Clement may be a witness to a rather lengthy process of prebaptismal catechesis in Egypt when he writes in his Stromata (or Miscellanies) II:18:
. . . husbandmen derived advantage from the law in such things. For it orders newly planted trees to be nourished three years in succession, and the superfluous growths to be cut off, to prevent them being loaded and pressed down; and to prevent their strength being exhausted from want, by the nutriment being frittered away, enjoins tilling and digging round them, so that [the tree] may not, by sending out suckers, hinder its growth. And it does not allow imperfect fruit to be plucked from immature trees, but after three years (ἀλλὰ μετὰ τριετίαν), in the fourth year; dedicating the first-fruits to God after the tree has attained maturity.
This type of husbandry may serve as a mode of instruction, teaching that we must cut the growths of sins, and the useless weeds of the mind that spring up round the vital fruit, till the shoot of faith is perfected and becomes strong. For in the fourth year, since there is need of time to him that is being solidly catechized, the four virtues are consecrated to God, the third alone being already joined to the fourth, the person of the Lord.(τοῦ κυρίου τετάρτην ὑπόστασιν)

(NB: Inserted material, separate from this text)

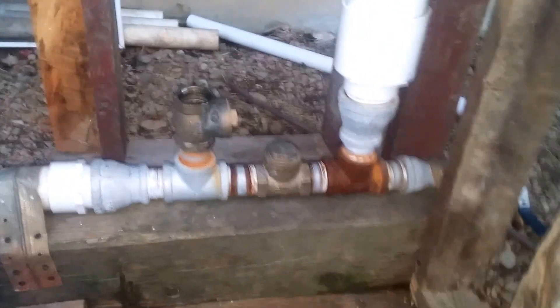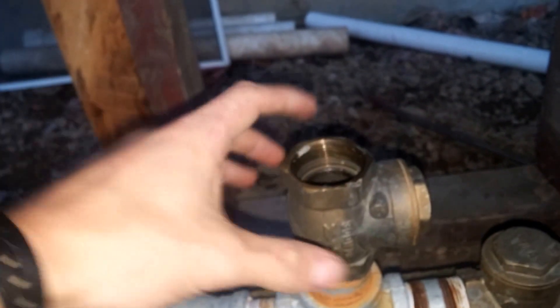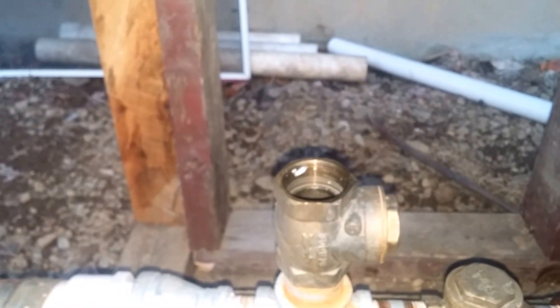Here is your normal hydraulic ram pump — this is a design that I built from watching YouTube. I wanted to know why, because here is your waste valve and they say 90% of your water comes out of here. So I wanted to figure out a way to make that water collectible and usable.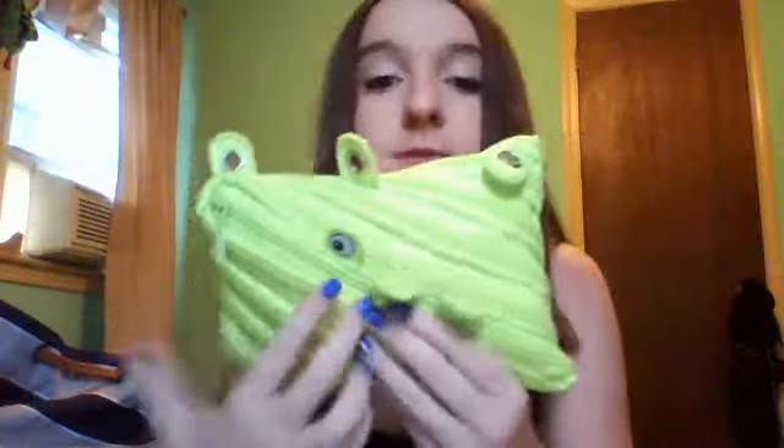What's popping out right now is this pencil case. So we're going to show you the pencil case — it's got three eyes. And then when you open it up, it's got teeth. It's really cute and I got this from Staples, but they sell it pretty much anywhere.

Because another early Christian document, the so-called Apostolic Tradition, ascribed to Hippolytus of Rome (ca. 217) does have a reference to "three years" of catechumenal instruction, scholars have often concluded that the overall length of the catechumenate both in Egypt and Rome, if not universally throughout the early church, was three years in duration. [p. 64 - 65]
I think Maxwell doesn't see that this also reinforces our understanding of the original interpretation of an 'after the third' day resurrection as being on the 'fourth day.' Notice also that 'the Lord' is called 'the fourth' (τετάρτην). My guess is that all of this develops from the original significance of the diatessaron. It may even be the source of the Arian preservation of the original Alexandrian distinction of the Son as being subordinate to the Father (as the diatessaron is half the diapason or 'octave').
The diatessaron is the underlying mystical context by which baptism and the resurrection are joined together to form the 'baptism into the death of Christ' (Rom 6:3).